Programa Alquiler Social, Convenio MVOTMA/IMM.

30/07/2019

El pasado 29 de julio, el Ministerio de Vivienda y la Intendencia de Montevideo, firmaron un Convenio  que dio lugar al Programa piloto de Alquiler Social en el que se construirán 120 viviendas. Las mismas beneficiarán  aproximadamente a unas 1000 personas. Se utilizarán cuatro predios de la Ciudad Vieja, padrones seleccionados por  el Ministerio y la Intendencia, con los criterios de: capacidad edilicia, ubicación en área central, situación de propiedad, estado de ocupación, además de tener presentes las condiciones normativas y patrimoniales. Tres de ellos están en proceso de licitación y las ofertas serán abiertas en los próximos días.

Este programa es el resultado de la acumulación de desarrollo normativo y de políticas que se vienen trabajado, en el marco de una estrategia nacional de acceso al suelo urbano, dirigido a la recuperación de espacios urbanos degradados. Ésta se inscribe en una planificación urbana territorial que se impulsa desde el Gobierno Nacional y de los Gobiernos Departamentales.

Hay antecedentes políticos e instrumentales en los que hemos trabajado durante este período, que permiten que se implementemos un programa piloto de estas características. Por ejemplo la Ley de Inmuebles Vacíos y Degradados, mediante la cual se pudo acceder a los padrones a intervenir. La Ley de Subsidio a la Demanda Habitacional asegura la permanencia de las familias en las soluciones habitacionales que será utilizada en el Programa de Alquiler Social.

Los objetivos del programa son muy claros: en primer lugar, generar una nueva alternativa de acceso y permanencia a viviendas adecuadas por parte de las familias, en la modalidad de arrendamiento asistido, siendo la forma de pago acorde a los ingresos y la composición familiar.  En segundo lugar, recuperar y rehabilitar los inmuebles vacios y/o degradados en las áreas urbanas consolidadas.

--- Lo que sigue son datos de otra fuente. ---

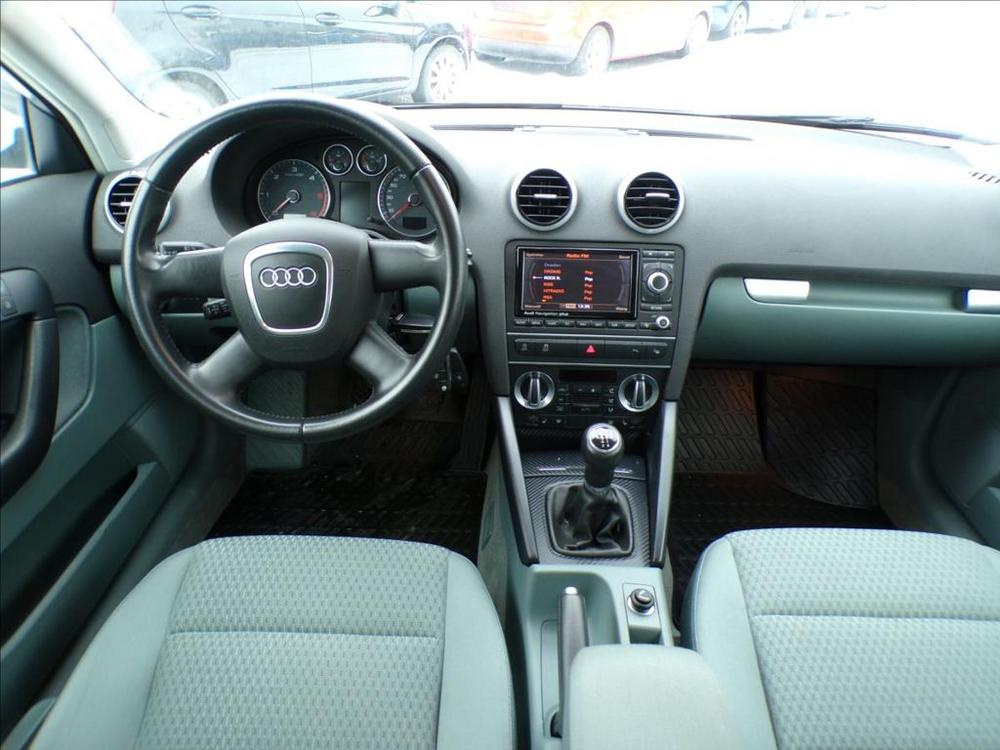 Audi A3 1,6 TDI SPORTBACK,XENONY - 7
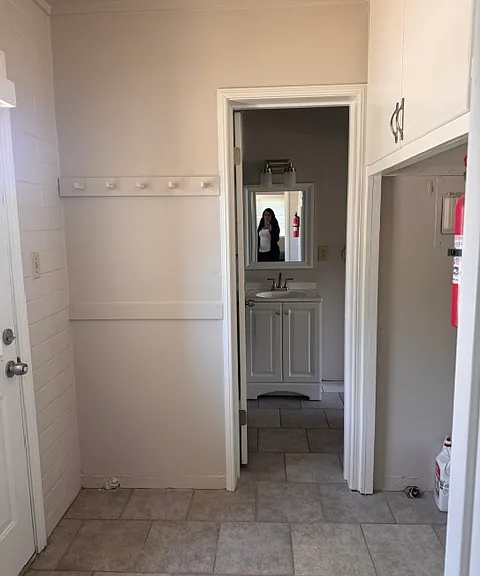842 Magnolia St — Photo 8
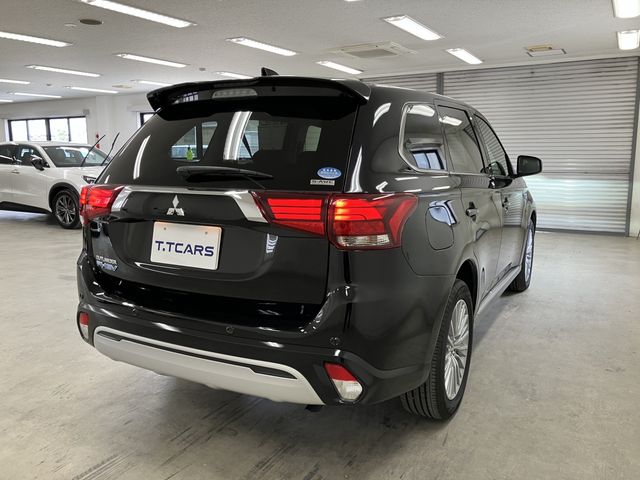 OUTLANDER PHEV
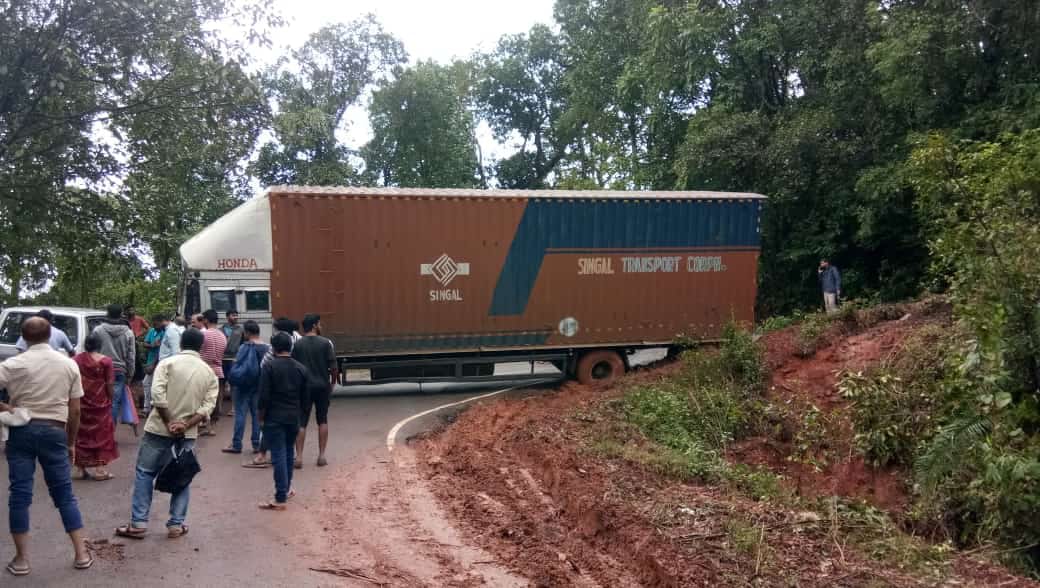 ಕುದುರೆಮುಖ: ಹೆದ್ದಾರಿ ಮಧ್ಯೆ ಅಡ್ಡಲಾಗಿ ನಿಂತ ಲಾರಿ; ರಸ್ತೆಯಲ್ಲಿ ಸಿಲುಕಿದ ನೂರಾರು ವಾಹನಗಳು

Éste es un nuevo instrumento que forma parte de una estrategia general y de un conjunto de acciones dirigidas y definidas a atender las necesidades de vivienda y asegurar el derecho a la ciudad, para toda la población.

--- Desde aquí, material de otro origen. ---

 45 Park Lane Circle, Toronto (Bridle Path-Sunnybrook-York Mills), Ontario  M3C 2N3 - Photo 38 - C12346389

Tenemos claro que el derecho a la vivienda adecuada es parte de un concepto más amplio y complejo que es el derecho a la ciudad, lo cual se corresponde con el primero de los objetivos de este programa, potenciar las aéreas urbanas consolidadas para la implementación de viviendas.

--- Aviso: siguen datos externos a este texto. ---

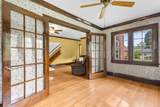 902 Clyman St - Photo 11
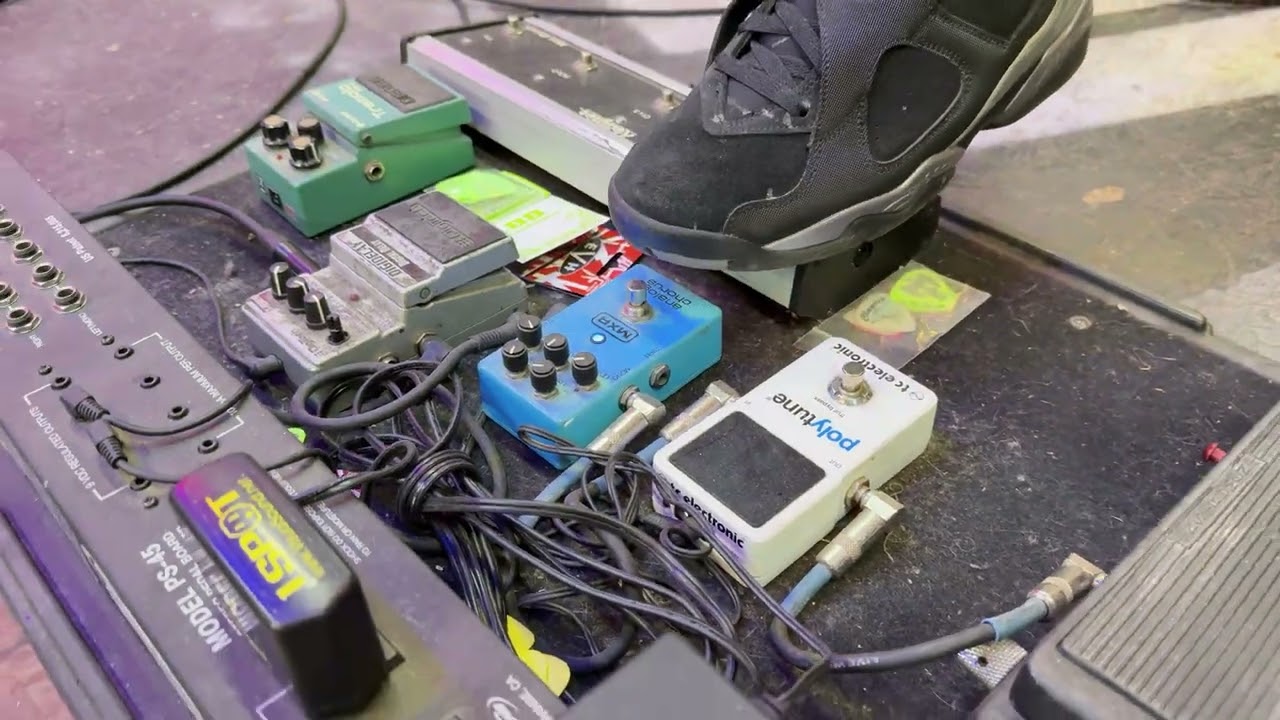 1987 Marshall Silver Jubilee & a rebuilt Marshall 4x12 cab w/ 2 Celestion V-30’s & 2 Celestion T-75s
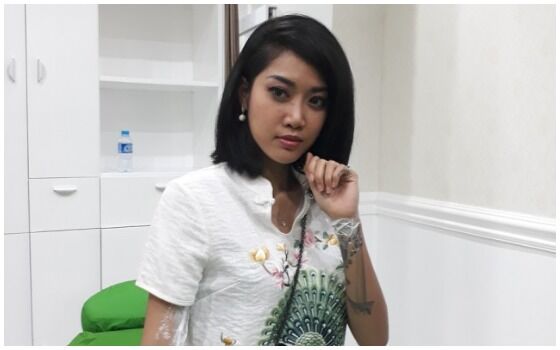 Artis Indonesia Yang Menghapus Tato Di Tubuhnya Widi Vierratale 0c512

El convenio establece la cooperación entre ambas instituciones, así como la instalación de una comisión paritaria de seguimiento que establecerá los criterios específicos para el acceso de las familias y la permanencia en las viviendas que se construyan por este sistema.

El Programa será financiado, por el BID (70%) y el Gobierno Nacional (30%), a través del Fondo Nacional de Vivienda. Las obras podrían iniciarse a fin de año y se extenderían entre 24 y 30 meses, ya que el llamado a los interesados de este programa se realizará cuando el avance de obra sea un 70 % aproximado, estimándose fines del 2021.

Nosotros entendemos que la vivienda y el entorno tienen una fuerte incidencia en la construcción de una sociedad integrada. Tenemos la convicción política que es tan determinante la vivienda y el hábitat para el desarrollo personal y comunitario, que no podemos librar únicamente a las capacidades de los ciudadanos el acceso sino que el estado debe garantizarlo y en eso estamos trabajando.